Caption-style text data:

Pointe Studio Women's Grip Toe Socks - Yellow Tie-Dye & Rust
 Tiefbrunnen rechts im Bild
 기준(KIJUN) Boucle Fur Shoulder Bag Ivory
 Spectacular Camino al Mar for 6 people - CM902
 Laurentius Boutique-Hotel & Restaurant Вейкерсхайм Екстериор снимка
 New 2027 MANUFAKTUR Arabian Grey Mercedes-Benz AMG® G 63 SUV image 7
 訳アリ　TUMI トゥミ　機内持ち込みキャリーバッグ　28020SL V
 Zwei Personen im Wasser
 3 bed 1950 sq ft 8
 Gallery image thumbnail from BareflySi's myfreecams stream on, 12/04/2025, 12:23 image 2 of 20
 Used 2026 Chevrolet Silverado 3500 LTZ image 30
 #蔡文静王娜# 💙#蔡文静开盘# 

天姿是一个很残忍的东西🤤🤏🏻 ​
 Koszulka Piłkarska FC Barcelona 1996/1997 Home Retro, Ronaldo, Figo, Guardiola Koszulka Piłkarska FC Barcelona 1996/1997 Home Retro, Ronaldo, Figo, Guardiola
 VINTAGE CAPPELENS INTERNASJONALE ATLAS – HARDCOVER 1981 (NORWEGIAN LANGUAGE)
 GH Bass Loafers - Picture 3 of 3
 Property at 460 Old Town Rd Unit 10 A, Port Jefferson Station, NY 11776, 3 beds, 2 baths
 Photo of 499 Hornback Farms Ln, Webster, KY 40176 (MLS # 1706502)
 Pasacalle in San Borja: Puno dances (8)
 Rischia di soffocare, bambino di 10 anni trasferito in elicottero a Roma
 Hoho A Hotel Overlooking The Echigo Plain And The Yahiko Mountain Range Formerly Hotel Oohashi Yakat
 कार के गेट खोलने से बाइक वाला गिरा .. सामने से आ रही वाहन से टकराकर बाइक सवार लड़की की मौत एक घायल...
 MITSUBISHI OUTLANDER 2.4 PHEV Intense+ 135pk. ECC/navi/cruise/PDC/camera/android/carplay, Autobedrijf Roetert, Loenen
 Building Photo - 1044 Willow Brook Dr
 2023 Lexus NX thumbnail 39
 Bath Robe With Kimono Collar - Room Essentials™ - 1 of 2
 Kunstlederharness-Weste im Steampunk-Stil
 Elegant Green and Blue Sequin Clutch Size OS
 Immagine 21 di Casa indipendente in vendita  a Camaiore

- Task details
Up to and including the line with "New 2027 MANUFAKTUR", output each line of the entries above exactly, starting from the first.

- Exercise result
Pointe Studio Women's Grip Toe Socks - Yellow Tie-Dye & Rust
 Tiefbrunnen rechts im Bild
 기준(KIJUN) Boucle Fur Shoulder Bag Ivory
 Spectacular Camino al Mar for 6 people - CM902
 Laurentius Boutique-Hotel & Restaurant Вейкерсхайм Екстериор снимка
 New 2027 MANUFAKTUR Arabian Grey Mercedes-Benz AMG® G 63 SUV image 7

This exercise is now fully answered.